Tim Youd retypes novels live at the Atlanta Contemporary

Visual and performance artist Tim Youd (Courtesy of Amanda Summerlin)

Visual and performance artist Tim Youd is on a mission to retype 100 novels across the United States and parts of Europe. He doesn’t do this on a computer but on a typewriter. After he’s finished, he turns the pages into works of art. He’ll soon finish retyping Tayari Jones’ “An American Marriage,” making it his 82nd retyped novel.

Youd opened up to “City Lights” host Lois Reitzes in a recent interview about his creative process. “What I’m really trying to do is be a good reader, and so anything that I retype, I’ve read at least once before,” he said. “I marry that to the idea of the literary pilgrimage, and I go to locations that are somehow related to either the novel itself or to the author’s life or to the setting… something along those lines.”

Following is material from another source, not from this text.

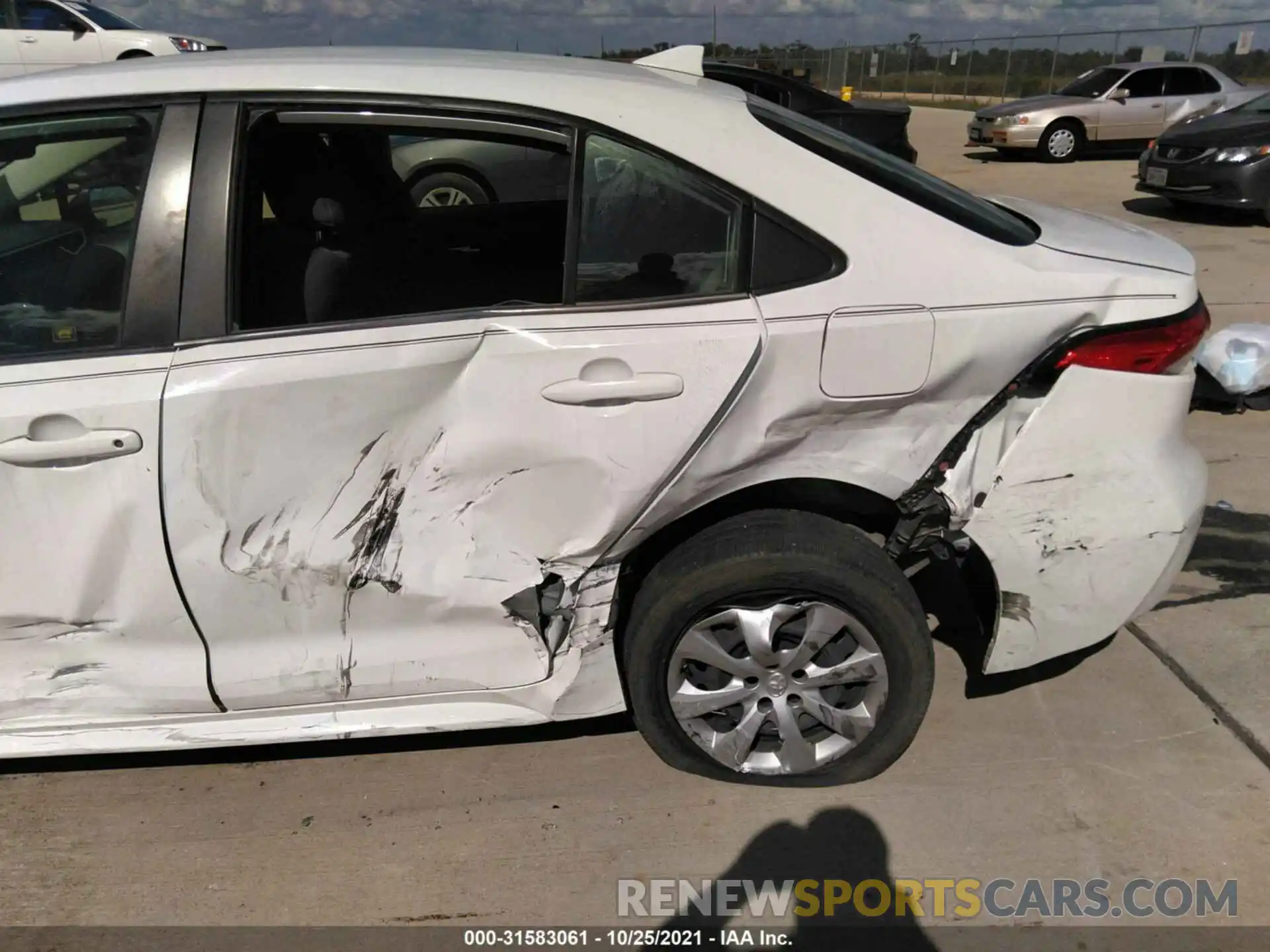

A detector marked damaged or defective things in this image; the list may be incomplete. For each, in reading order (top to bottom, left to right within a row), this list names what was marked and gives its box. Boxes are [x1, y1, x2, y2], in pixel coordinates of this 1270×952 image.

His experience typing out novels has changed over the years, as has his goal with the project. Youd shared that “The evolution [for him] internally has been, ‘Hey, I started out retyping novels that I grew up with as a young man. And now I’m retyping novels that are expanding my worldview.’ It’s been a purposeful evolution on some level, but also just this accidental kind of journey that’s led me into some new territory.”

His solo exhibition, “Georgia Retyped,” is on view at Atlanta Contemporary through Oct. 6.